David has been asked why he doesn’t just make beer flavored beer. “There are many people who do not like the taste of beer and nuance is what we are about,” David says. “When we started we had a pale ale called venom which was an American style aggressively hopped pale ale.” “The taste and perceptions have changed so much that pales are difficult to market as our pale ales range from magic hat #. 9 which had apricots in it to venom which is extremely hoppy so people will not buy it because they don’t know what it is or it is not what they expected.”
Hops are such a critical ingredient in DuClaws products that they have placed along side their stainless steel fermenters what resembles a 1930’s serial movie style spaceship awaiting takeoff. This hop gun will further enhance the infusion of additional hops into the beer. “We do a decent bit of hoppy beers with our hop gun,” David says noting that they will use locally grown hops to enhance a brew but there are not enough locally to fulfill his brewing needs. “We use palletized hops and in a single batch we will use 90 lbs of hops just for dry hopping which does not count what goes into the boil.” “200 lbs will not cover one of our batches.”
David’s batches started small when he was a junior in college and got hooked on brewing beer at college for half the price of store bought brew.
“My roommate bought a home brew kit because it cost about $10.00 to brew two cases of beer and our drink of the time was $10.00 a case.” “By my senior year at Loyola College I was on the first floor handing out six packs and on a nice spring day.” “I thought it would be cool if we could open a restaurant where we could brew our own beer and that was in 1992,” “By 1996 we opened our first pub in Belair from then on we opened a few more and by 2010 we started selling in bottles.” “In 2011 we launched some 12 oz packaging and we quickly realized that the10,000 square ft brew space we had was too small and in April 2013 we opened here.”

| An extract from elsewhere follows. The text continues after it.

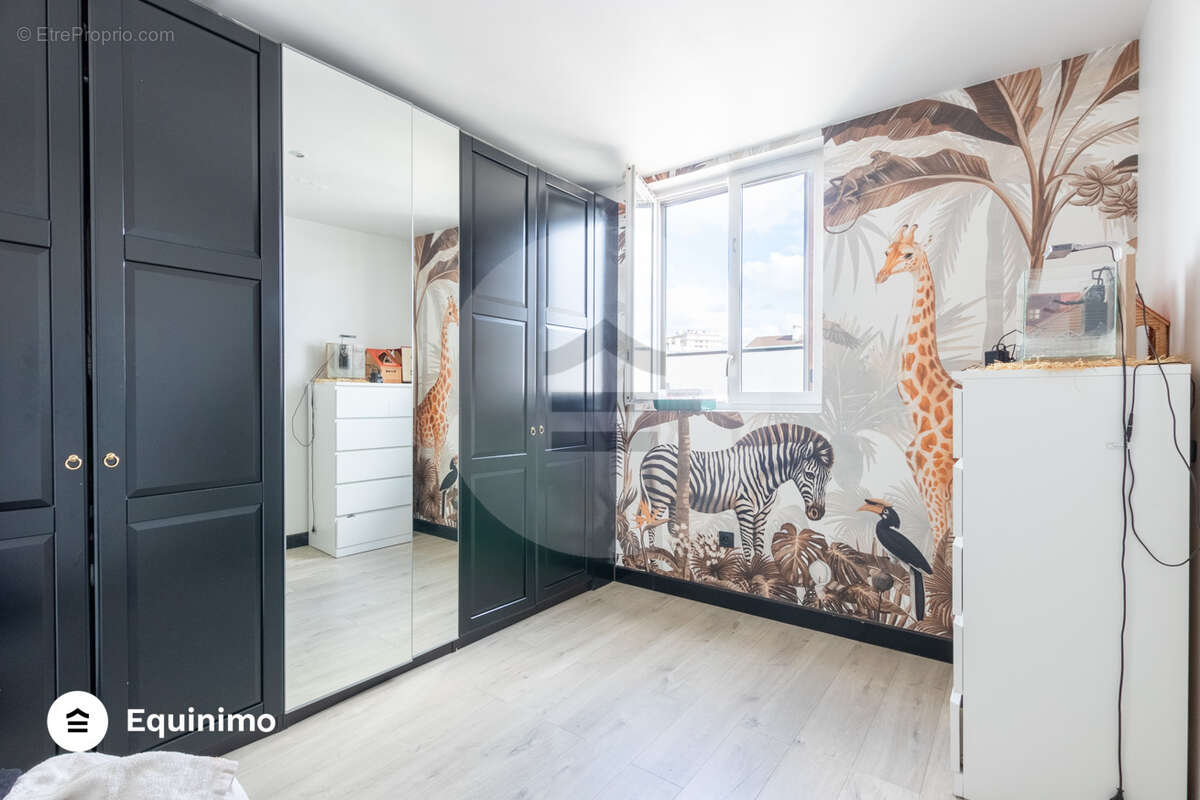 Appartement à LES LILAS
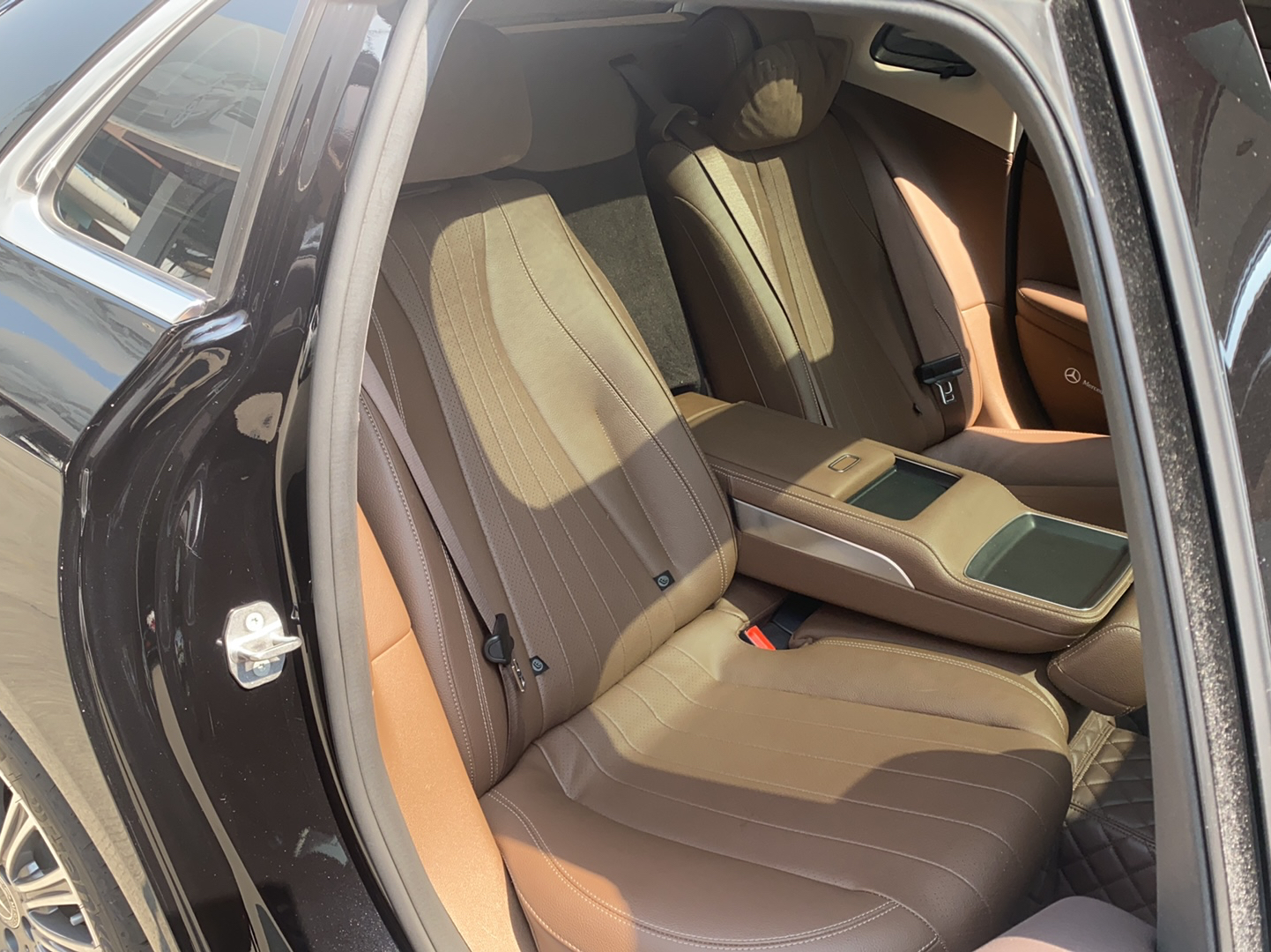 奔驰E级 2022款 改款二 E 300 L 豪华型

“Right now we are on track to finish 35,000 barrels this year,” David relates. “A barrel is 31 gallons or 2 kegs and we have always been at capacity since we started.” “We just added 4 new tanks and our growth has been pretty extreme.” “We are in eight states and surprisingly the desire for craft beer in West Virginia is crazy.” “We sell more beer in WV than we do in Delaware especially when you consider the population numbers.”
As far as the naming the brewery there at least a dozen stories concerning DuClaw. “Craft beer is very personal and intimate and there are so many varieties and we wanted a word that had a coolness to it,” David remembers. “It has to have something to due with history and class but the name should also mean nothing so that when you come in and experience it for the first time it is your personal relationship with it.”
“Claw is cool to a 26 year old, and DU sounds like Dubois which is French and so that was cool.” “However, we get that question a lot and sometimes we relate that it is an old English word that means “craft be cherished – rules be damned”.” “On our website the story will change each time you load the page.” “We have also indicated that DUCLAW was my great grandfather’s middle name and he couldn’t make in the gold rush so he turned to brewing thus starting the tradition.”
The sense of tradition along with the irreverence for rules create amazing beers. “Our beers have to have intensity and it has to be well made and the technical things have to be there,” David insists. “There is no can’t or rules or we won’t.” “We just launched a saiswon cantaloupe beer and we are working on a barbecue or dry rub flavor beer to see if we can make it work.” “Ideas come from every brewer and the only requirement we ask is why are we doing this and why should this beer exist.” “No matter what beer we put out it must be balanced.”
“You have to be an adventurous beer drinker,” David says with enthusiasm. “We want to try the new thing.” “What is it and why do the experience?” “You don’t know you like it until you try it.”